Suffit-­il de faire la grasse matinée pour rattraper un retard de sommeil accumulé depuis plusieurs jours ? Pour mettre un point final à cette cruelle incertitude, 159 adultes âgés de vingt-­deux à quarante-­cinq ans se sont portés volontaires. Cinq nuits de suite, les uns ont dormi 10 heures, les autres 4 heures. Sans surprise, ceux qui étaient en manque de sommeil ont moins bien réussi tous les tests d’attention. Mais, après une bonne nuit de récupération, soit 10 heures de sommeil pour tous, ils n’avaient toujours pas récupéré leurs facultés initiales. Et la sieste, dans tout ça ? Elle permet de compenser la somnolence de l’après-­midi et du début de soirée, mais ne doit pas être trop longue (maximum 45 minutes) pour ne pas bousculer l’horloge interne avec un risque d’insomnie la nuit suivante. Conclusion  : le retard de sommeil ne se rattrape pas en une seule nuit, même avec une sieste.

Le café empêche de dormir : vrai

« Jamais après 15 heures ! » pour les uns, « impossible de se coucher sans un café bien serré » pour les autres, qui croire ? Une étude menée par une équipe de chercheurs de Detroit a montré les effets de la caféine absorbée 30 minutes ou 6 heures avant le coucher. L’échantillon était petit (12 dormeurs sans problème particulier) et la dose de café massive (400 milligrammes, soit l’équivalent de 4 tasses de café), mais les résultats sont clairs  : 400 milligrammes de caféine pris en comprimés, même 6 heures avant le coucher, diminuent le temps de sommeil de 1 heure.

Absorbée par le tube digestif, la caféine, présente aussi dans le thé, les sodas et le chocolat, parvient au cerveau en 10 ou 15 minutes et bloque les récepteurs « apaisant » du système nerveux pendant 2-3 heures. Mais cette durée d’action est plus courte chez le fumeur et plus longue chez la femme enceinte. La caféine augmente le niveau de vigilance et il a été montré qu’elle pouvait diminuer le risque d’accident de la route la nuit. Le café augmente la vitesse de réaction, la capacité de concentration, la compréhension à la lecture, les capacités d’apprentissage et de mémorisation. Il a été montré qu’il améliorait et préservait les fonctions cognitives lors du vieillissement.

À dose élevée, au-delà de 6  tasses, la caféine induit une tachycardie, des tremblements et une nervosité, alors que la consommation modérée (trois-­quatre tasses par jour) donne une sensation de bien-­être, réduit l’anxiété et a un effet sur les maux de tête et les douleurs dentaires. Bien que le café ne soit pas considéré comme une drogue de dépendance, son arrêt entraîne un syndrome de sevrage chez 10 à 20 % des grands consommateurs. L’effet sur la vigilance influence le sommeil. Globalement une tasse avant le coucher retarde l’endormissement et perturbe l’organisation cyclique du sommeil avec un raccourcissement de sa durée.

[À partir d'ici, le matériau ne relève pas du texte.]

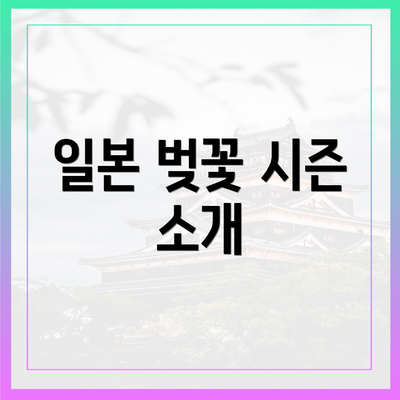 일본 벚꽃 시즌 소개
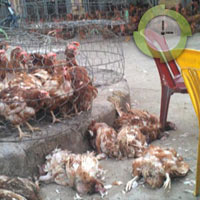 Tin tức trong ngày - Gà siêu rẻ TQ: Cơ quan chức năng thờ ơ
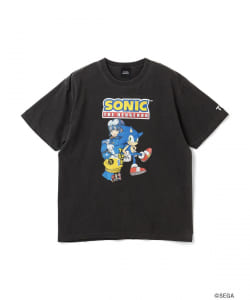 TOKYO GAME SHOW 2026 / GAME ARTeee COLLECTION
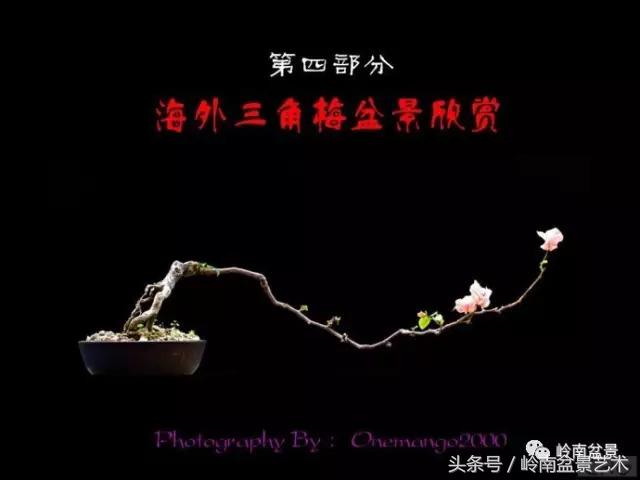 精品掌中宝三角梅盆景,顶级国宝级三角梅盆景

Mais pourquoi les effets sont-­ils moins marqués chez les uns que chez les autres ? D’une part l’effet du café augmente avec l’âge, d’autre part il semble exister des facteurs génétiques qui rendent certains sujets moins sensibles aux effets de la caféine. Bonne nouvelle : si un bébé ne dort pas bien dans les premiers mois et que sa mère a bu beaucoup de café pendant sa grossesse, il n’y a pas de relation.

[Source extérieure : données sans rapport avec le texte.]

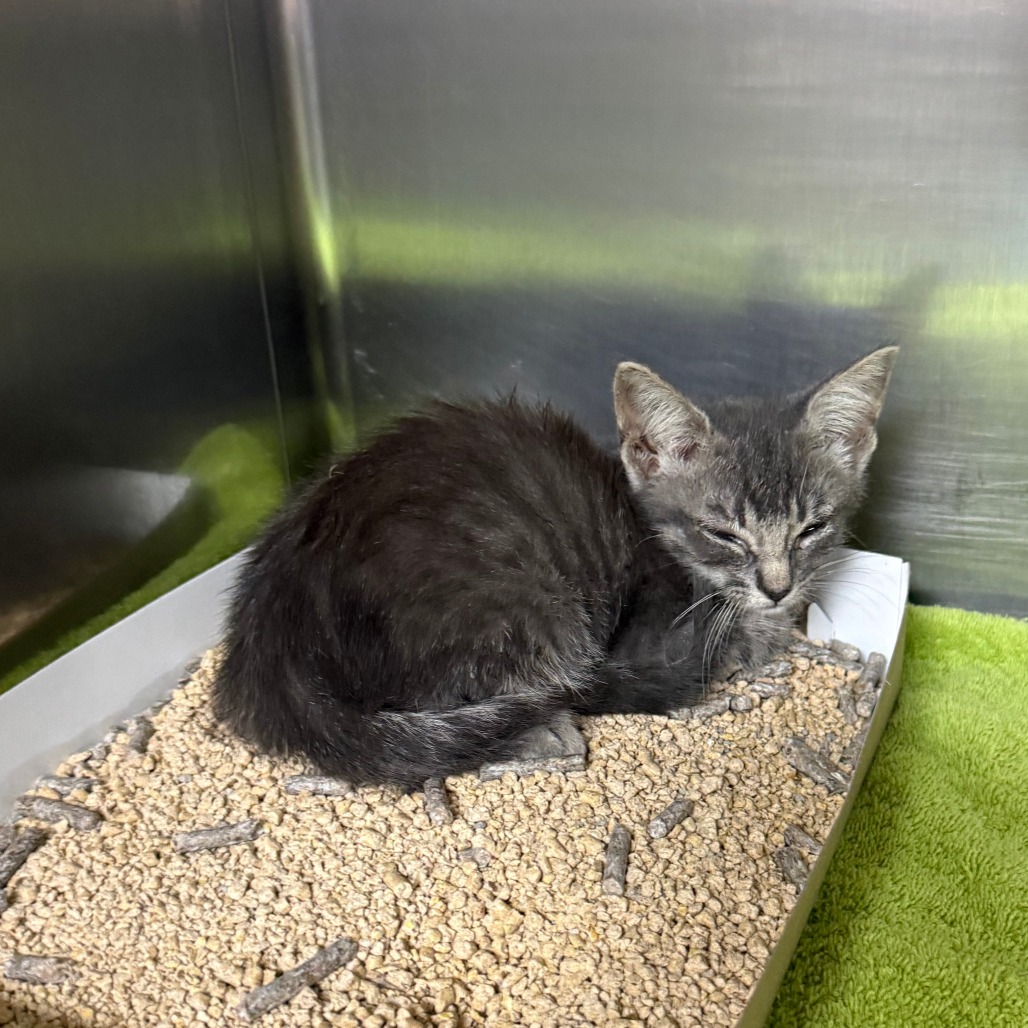 CETUS - Domestic Shorthair available for adoption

Le vin blanc empêche de dormir : faux

Insomnies, migraines, acidité gastrique  : en France, le vin blanc est régulièrement accusé de tous les maux. Aux États-­Unis, en Grande-­Bretagne et en Allemagne, c’est au contraire le vin rouge qui est mis en accusation sous le nom de Red Wine Headache Syndrome (RWHS). Alors, pourquoi le vin blanc garde-­t‑il en France une image sulfureuse de vin trafiqué et nocif ? À cause de l’anhydride sulfureux, appelé encore sulfites, dioxyde de soufre, soufre, ou acide sulfureux. Autant de molécules qui, rajoutées dans un but de conservation, se retrouvent en quantité dans le vin blanc mais aussi dans les abricots, les raisins secs, les confitures et même les cornichons. Si ces produits vous donnent la migraine ou vous empêchent de dormir, alors les sulfites peuvent être incriminés. Sinon, il faut trouver un autre coupable, ou arrêter de boire.

Extrait de Tant qu'on a la santé de Jacques Belghiti et Annette Vezin, publié aux éditions FayardPour acheter ce livre, cliquez ici

En raison de débordements, nous avons fait le choix de suspendre les commentaires des articles d'Atlantico.fr.

Mais n'hésitez pas à partager cet article avec vos proches par mail, messagerie, SMS ou sur les réseaux sociaux afin de continuer le débat !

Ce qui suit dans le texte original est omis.